Data listing:
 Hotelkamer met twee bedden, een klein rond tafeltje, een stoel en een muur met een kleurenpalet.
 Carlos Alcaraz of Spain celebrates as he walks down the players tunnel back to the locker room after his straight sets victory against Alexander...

--

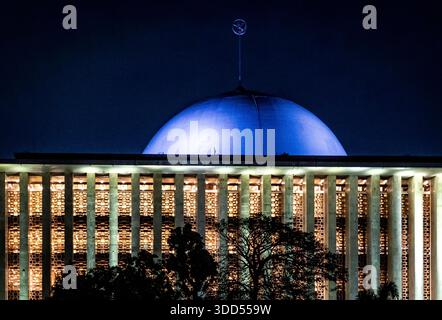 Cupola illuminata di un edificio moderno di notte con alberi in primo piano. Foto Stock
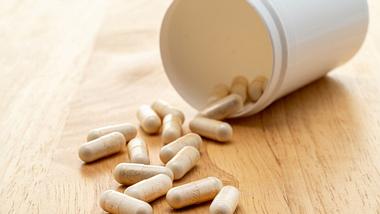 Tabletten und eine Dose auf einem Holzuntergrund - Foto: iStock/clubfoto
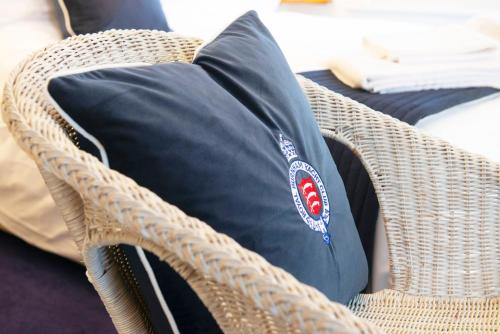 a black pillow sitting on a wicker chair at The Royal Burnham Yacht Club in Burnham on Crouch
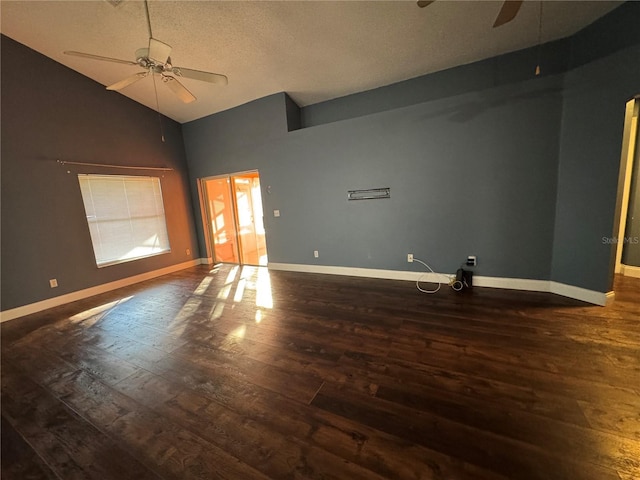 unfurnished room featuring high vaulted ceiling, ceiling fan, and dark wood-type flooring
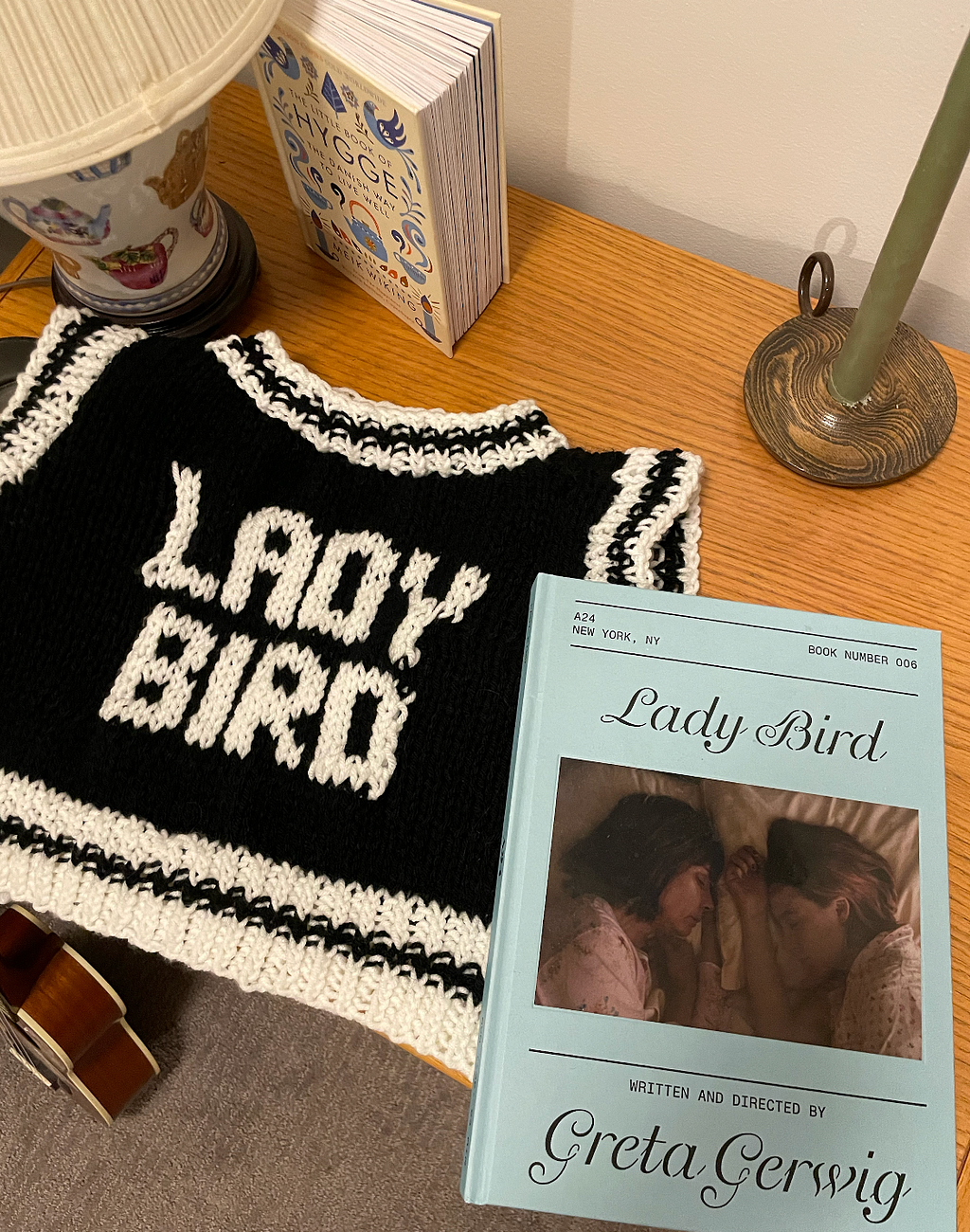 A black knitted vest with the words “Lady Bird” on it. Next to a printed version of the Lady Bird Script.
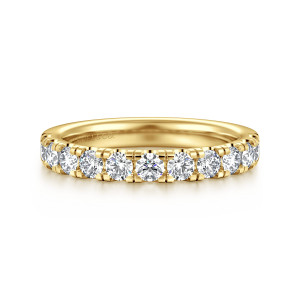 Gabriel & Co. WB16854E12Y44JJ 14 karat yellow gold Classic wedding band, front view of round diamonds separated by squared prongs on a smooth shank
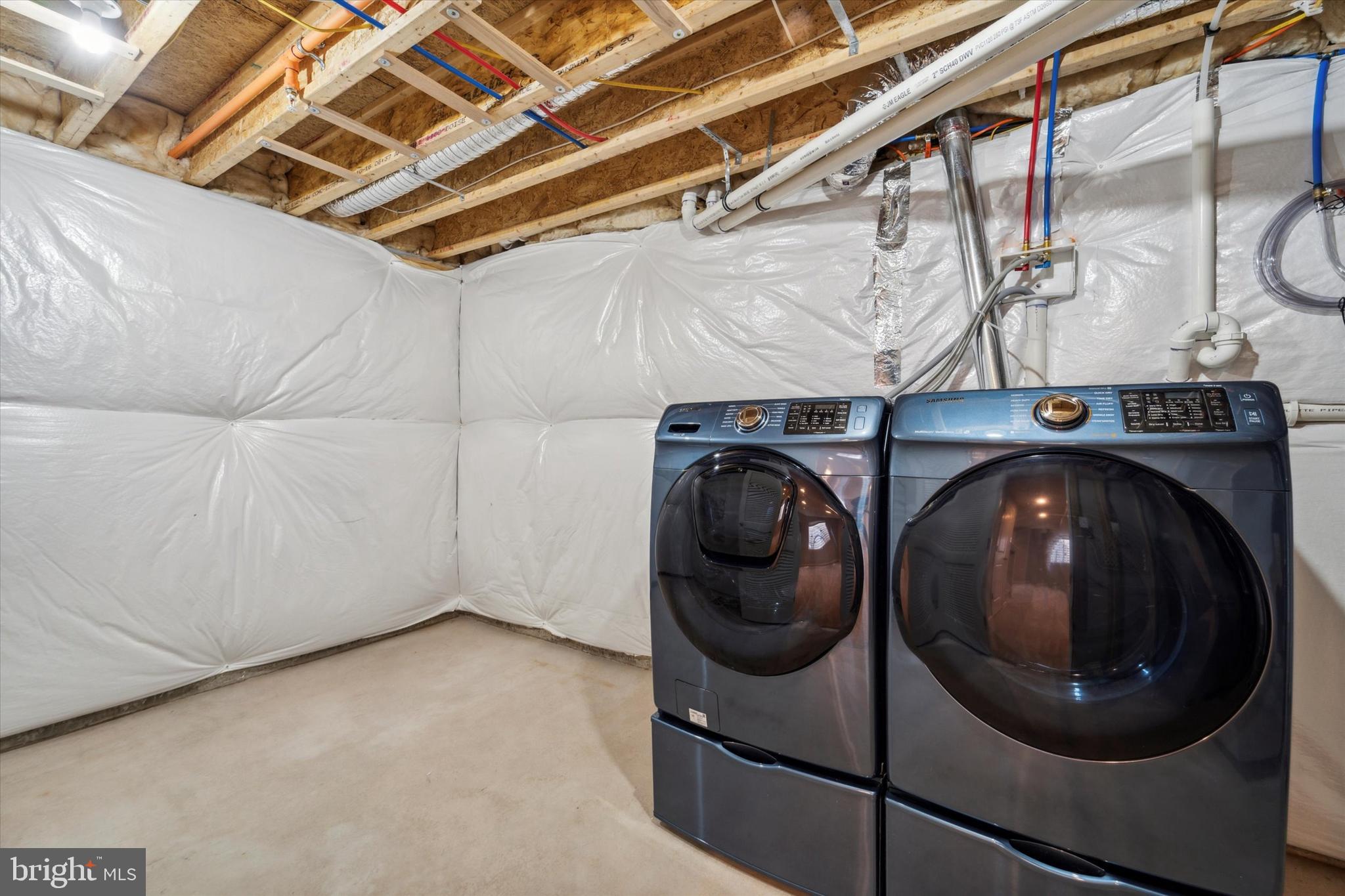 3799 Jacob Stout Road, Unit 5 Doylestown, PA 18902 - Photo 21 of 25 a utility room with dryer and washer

...

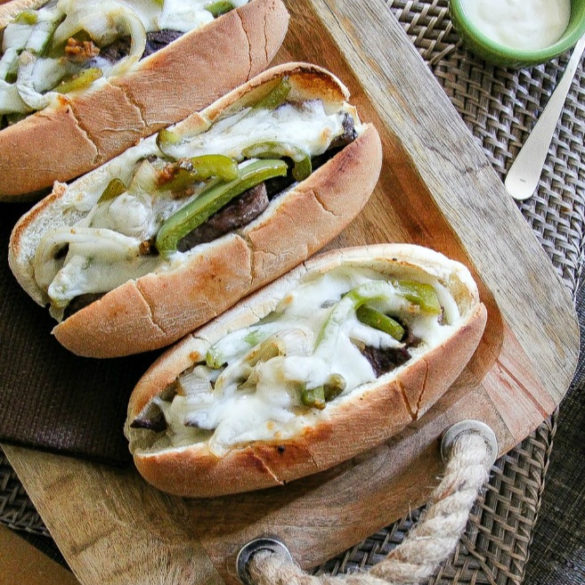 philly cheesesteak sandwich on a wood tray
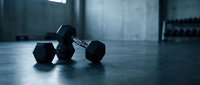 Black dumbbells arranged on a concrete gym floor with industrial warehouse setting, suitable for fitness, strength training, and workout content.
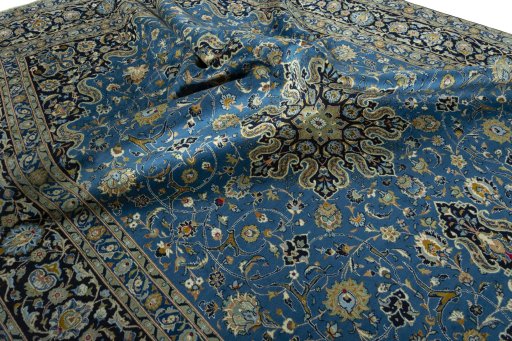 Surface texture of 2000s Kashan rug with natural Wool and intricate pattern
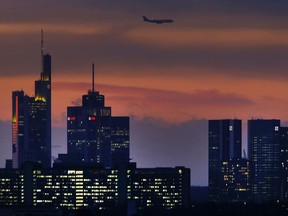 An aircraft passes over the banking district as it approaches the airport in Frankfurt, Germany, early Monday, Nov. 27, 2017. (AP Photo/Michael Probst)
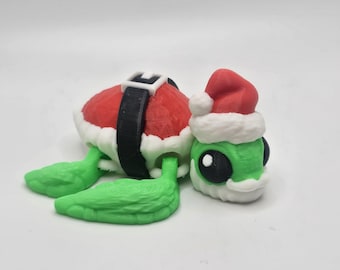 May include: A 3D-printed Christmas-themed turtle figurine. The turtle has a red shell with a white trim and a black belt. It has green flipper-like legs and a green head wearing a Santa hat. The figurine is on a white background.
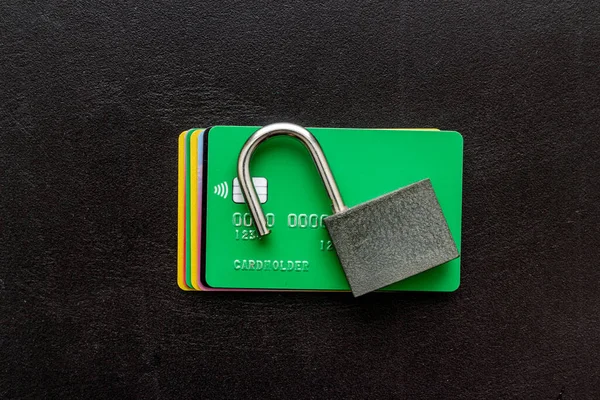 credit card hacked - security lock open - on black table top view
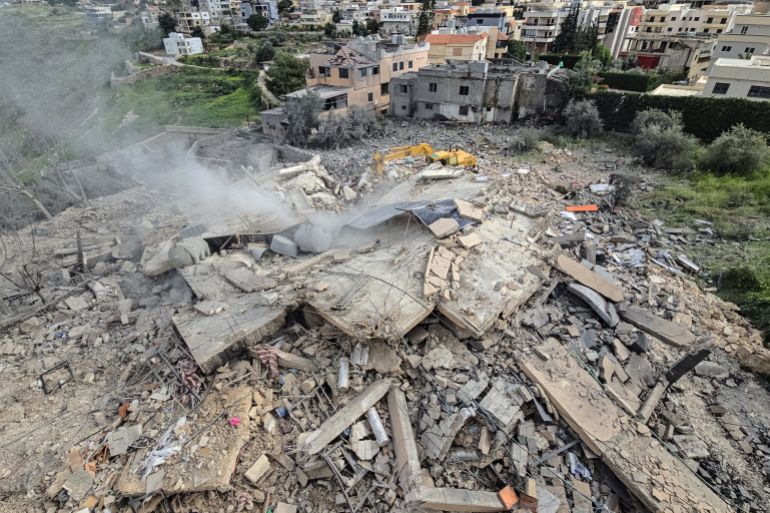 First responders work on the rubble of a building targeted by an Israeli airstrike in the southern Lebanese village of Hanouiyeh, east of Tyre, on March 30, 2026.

Task instructions: Return exactly the lines that appear in the data above between the line containing "Black dumbbells arranged" and the line containing "First responders work", both of which are included, and leave the pictures out.

Written response:
 Black dumbbells arranged on a concrete gym floor with industrial warehouse setting, suitable for fitness, strength training, and workout content.
 Surface texture of 2000s Kashan rug with natural Wool and intricate pattern
 An aircraft passes over the banking district as it approaches the airport in Frankfurt, Germany, early Monday, Nov. 27, 2017. (AP Photo/Michael Probst)
 May include: A 3D-printed Christmas-themed turtle figurine. The turtle has a red shell with a white trim and a black belt. It has green flipper-like legs and a green head wearing a Santa hat. The figurine is on a white background.
 credit card hacked - security lock open - on black table top view
 First responders work on the rubble of a building targeted by an Israeli airstrike in the southern Lebanese village of Hanouiyeh, east of Tyre, on March 30, 2026.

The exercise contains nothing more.